Les frontaliers français, quant à eux, se concentrent dans l’industrie, le commerce, les technologies de l’information et les services, ce qui reflète une prédominance des métiers techniques, manuels. Les frontaliers allemands, eux, sont fortement représentés dans la construction, les activités financières et l’assurance ainsi que dans le secteur de la santé.
Enfin, les frontaliers belges présentent un «profil hybride» : bien représentés dans la construction et le commerce, ils sont aussi fortement présents dans les professions intellectuelles, notamment dans les activités financières et d’assurance.
Des frontaliers allemands démotivés
Ces différences influencent directement les conditions et la qualité perçue de l’emploi : les frontaliers français déclarent ainsi plus fréquemment des niveaux élevés de burn-out et des problèmes de santé. Pour les salariés venus d’Allemagne, les résultats sont également «préoccupants» pour la CSL, bien que sur un autre plan : les salariés y affichent les niveaux de motivation au travail les plus faibles ainsi que des scores inférieurs à la moyenne en matière de bien-être général.
À l’opposé, les salariés résidant au Luxembourg se distinguent par un niveau de satisfaction au travail supérieur à la moyenne, une tendance qui se confirme dans le temps. Mais ce sont les Belges qui demeurent les plus motivés avec un engagement professionnel fort et une perception globalement positive de leur environnement de travail.
Un télétravail majoritairement… luxembourgeois
Dans ce contexte, le télétravail apparaît comme un levier de régulation des contraintes liées aux déplacements domicile-travail : après un fort essor pendant la pandémie, sa pratique s’est stabilisée à un niveau global de 32 % en 2024. Néanmoins, les inégalités persistent sur ce point : si environ 40 % des résidents luxembourgeois y recourent régulièrement, ce n’est plus le cas des frontaliers. Ces derniers ont vu leur taux de télétravail reculer depuis la fin des mesures fiscales et sociales dérogatoires. Selon les chiffres de la CSL, en 2024, seuls 24 % des frontaliers français, 22 % des frontaliers belges et 19 % des frontaliers allemands en profitent encore.

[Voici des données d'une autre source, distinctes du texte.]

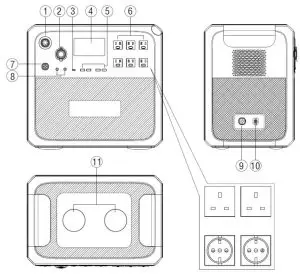 FIG 4 Function introduction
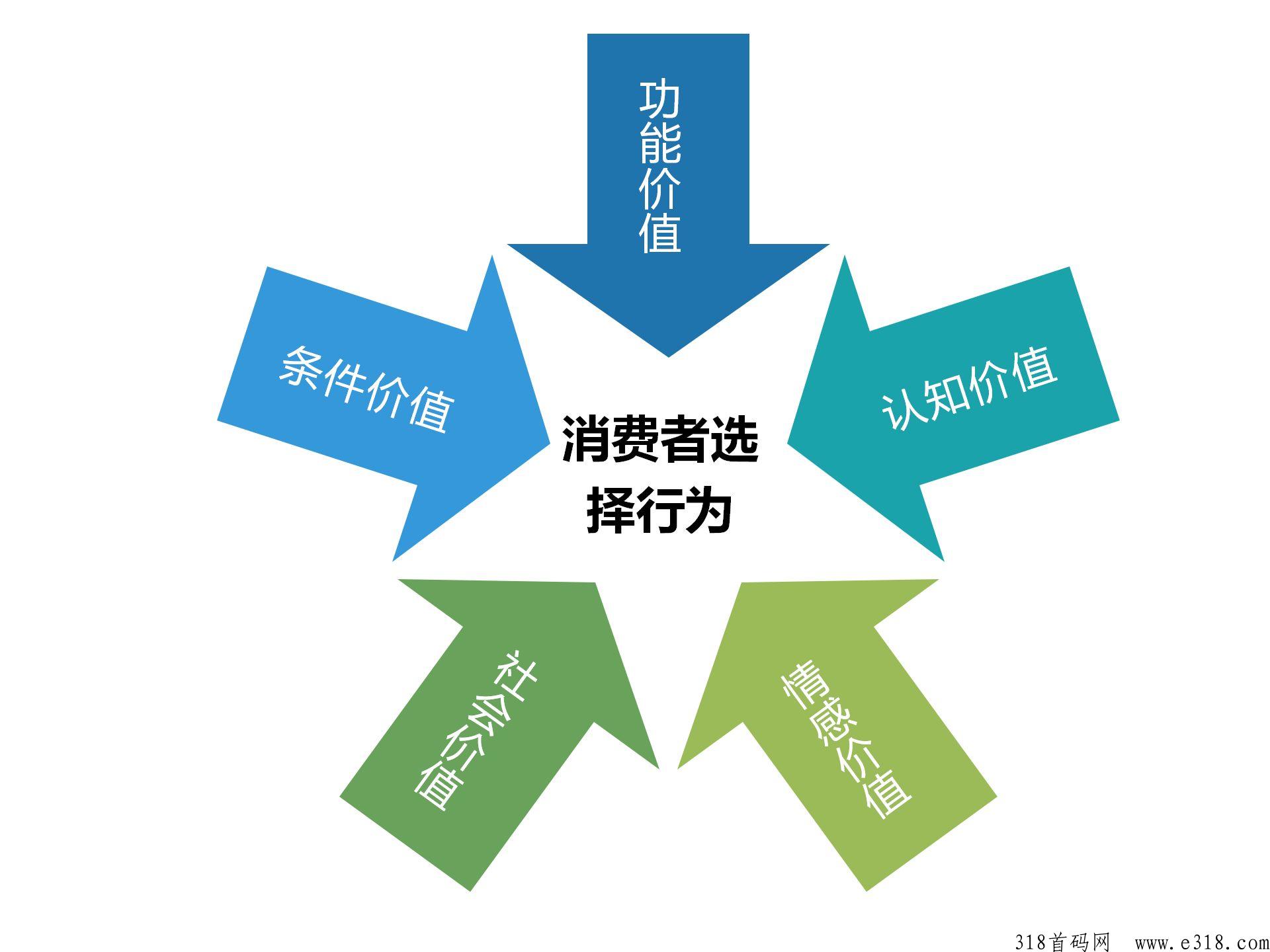 消费返利、消费分h、消费返现互联网营销的三大模式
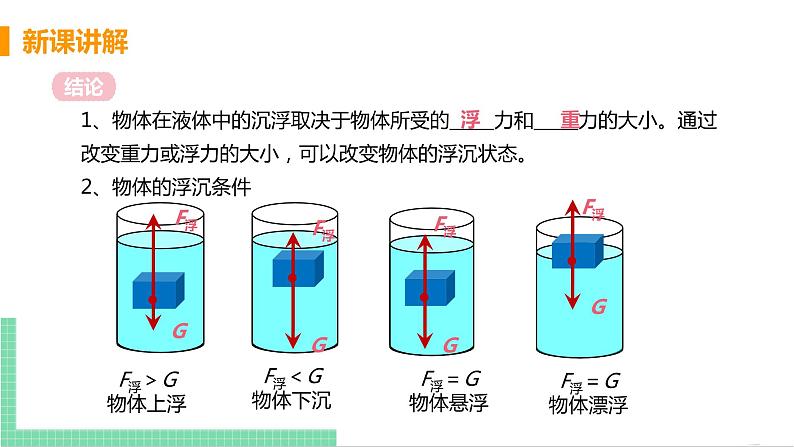 2021年初中物理人教版八年级下册 第十章 第3节  物体的浮沉条件及应用 课时1  课件第8页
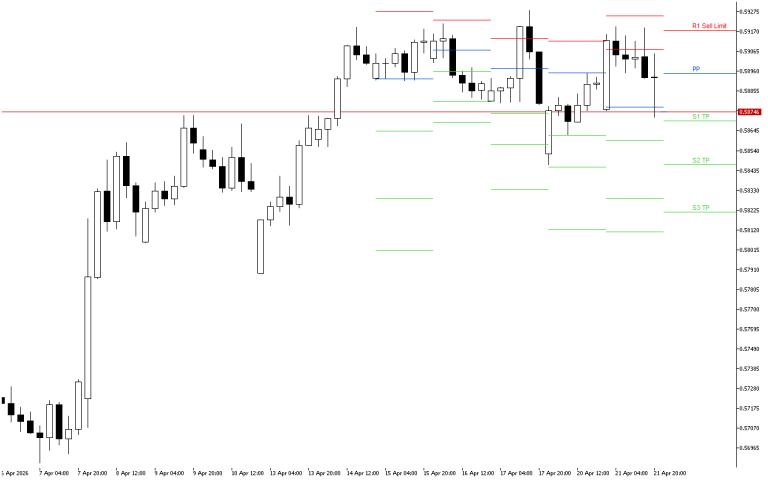 NZDUSD H4: The Pivot Points levels for the American Session on 22.4.2026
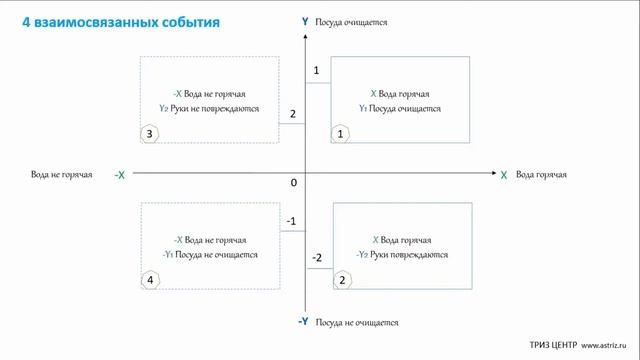 Пространство и Время. Гибридизация. ТРИЗ смотреть онлайн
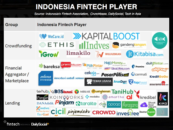 Indonesia Turn to E-Payment Services as the Sector Takes the Lion’s Share in Local Fintech Market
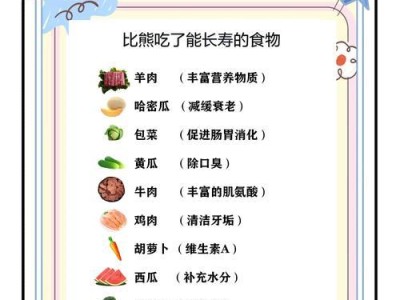 狗狗的微量元素补充需求及合理摄入量探讨（了解狗狗的微量元素需求，健康饮食全方位呵护）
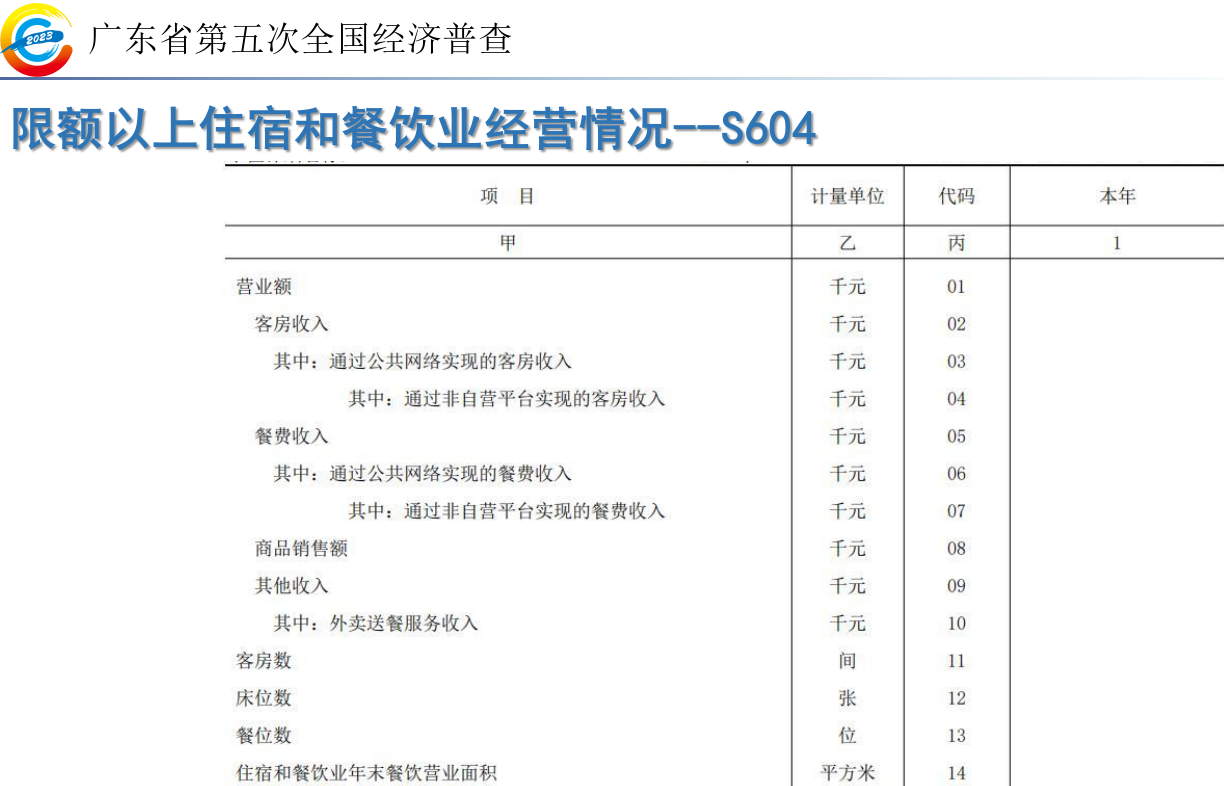 2、专业表式.png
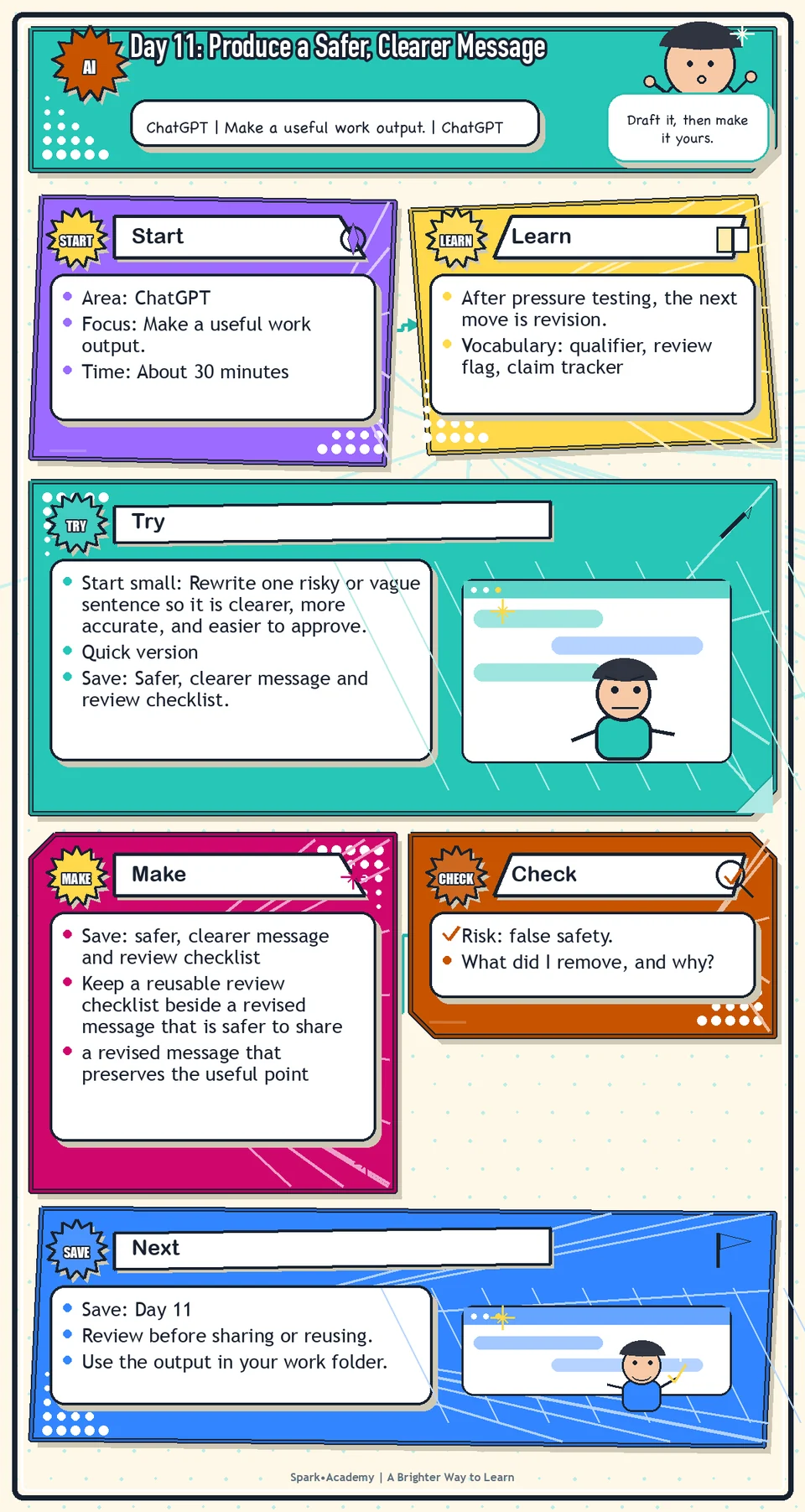 Day 11 roadmap for Produce a Safer, Clearer Message, showing the focus area, practice focus, try step, what to save, and review reminder.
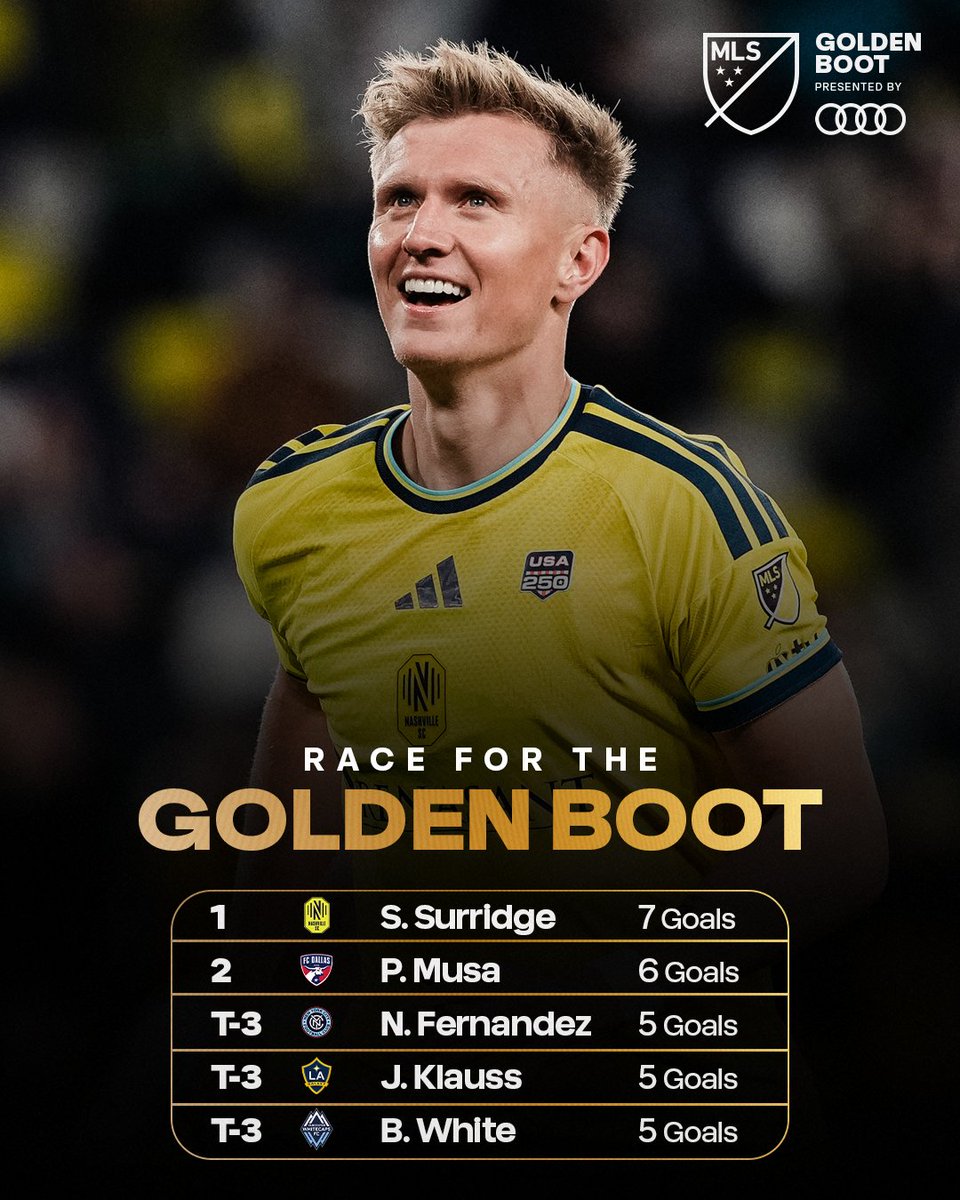 Major League Soccer tweet media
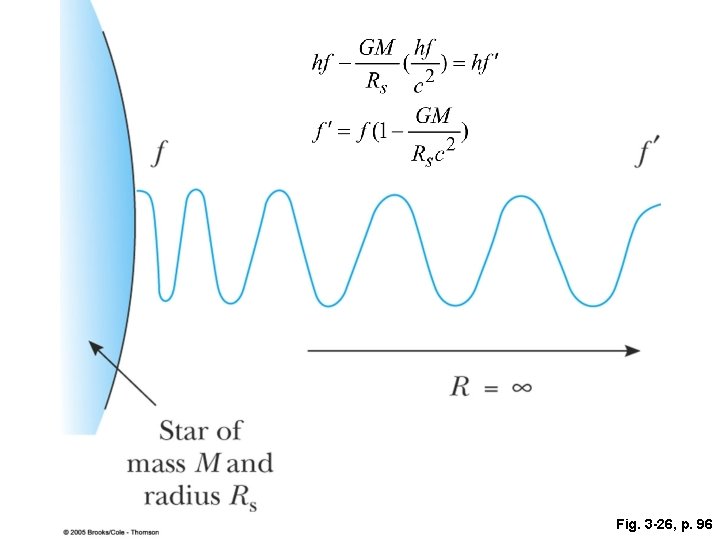 Fig. 3 -26, p. 96 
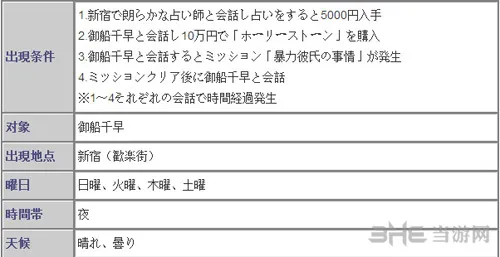 女神异闻录5御船千早攻略方法 御船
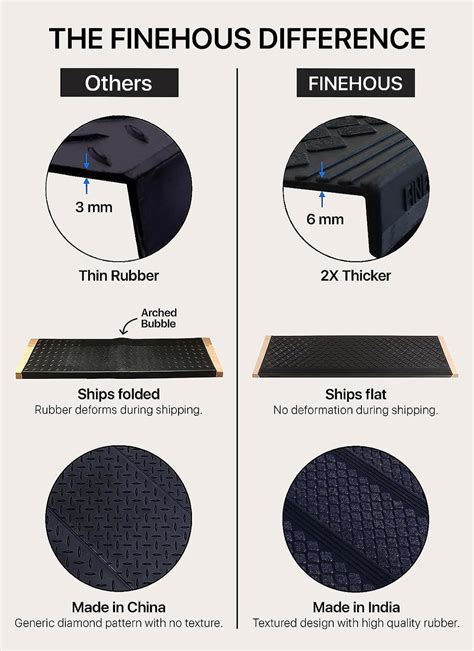 Buy Non Slip Rubber Stair Treads With Nosing Finehous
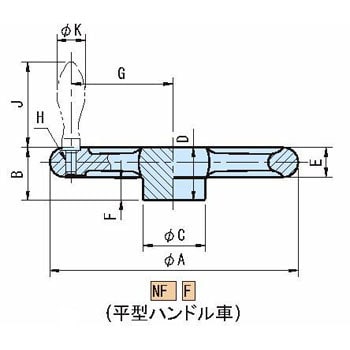 NF・F・NV・V 平型ハンドル車、朝顔型ハンドル車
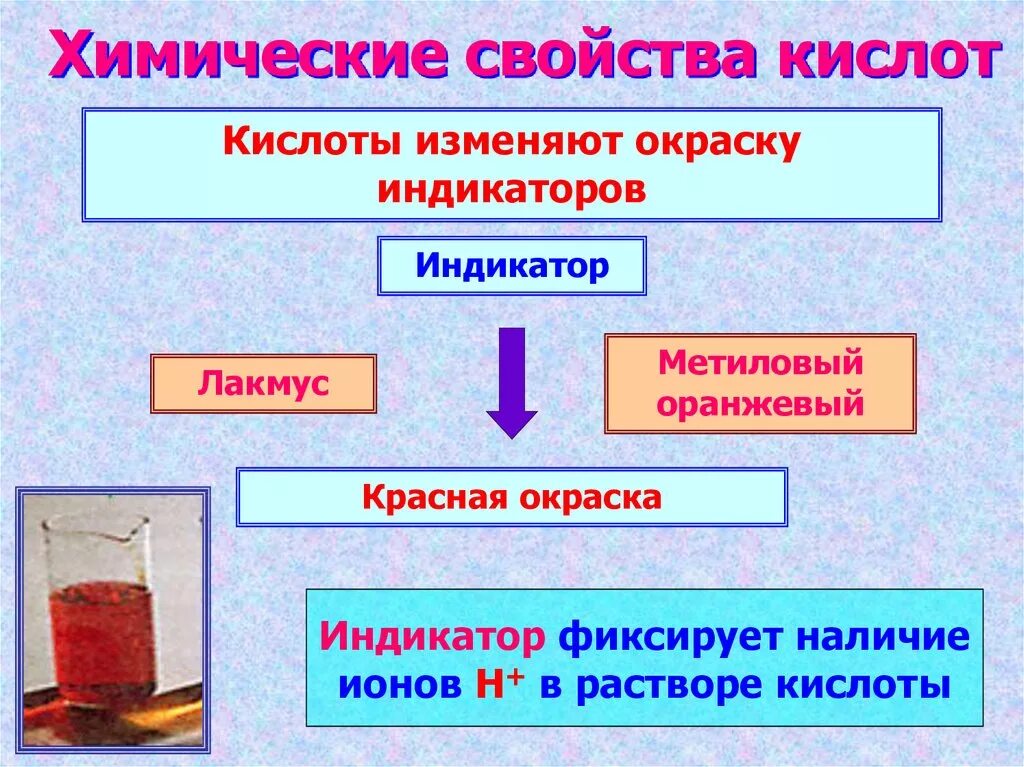Св кислот. Химические св-ва кислот 8 класс. химические свойства кислот. химические свойства кислотов. кислоты в химии химические свойства.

La baisse est encore plus marquée en ce qui concerne le télétravail fréquent, c’est-à-dire au moins plusieurs fois par semaine. Alors que 26 % des salariés luxembourgeois y ont recours, cette fréquence est devenue marginale chez les frontaliers : 4 % seulement chez les Français, Belges et Allemands, contre 23 à 28 % en 2021.
Des inégalités structurelles à corriger
Ces écarts révélés par l’étude de la Chambre des salariés soulignent l’existence de réalités professionnelles profondément différentes entre résidents et frontaliers. Si le Luxembourg continue de bénéficier de cette main-d’œuvre transfrontalière indispensable à son économie, les disparités en termes de conditions de travail, de bien-être et d’accès au télétravail posent question.
Pour la CSL, ces constats appellent à une réflexion politique et sociale plus large, notamment sur la reconnaissance des contraintes spécifiques des frontaliers, l’aménagement du temps de travail et la pérennisation d’accords bilatéraux sur le télétravail. Car au-delà des chiffres, c’est bien la cohésion sociale et l’attractivité du marché du travail luxembourgeois qui sont en jeu.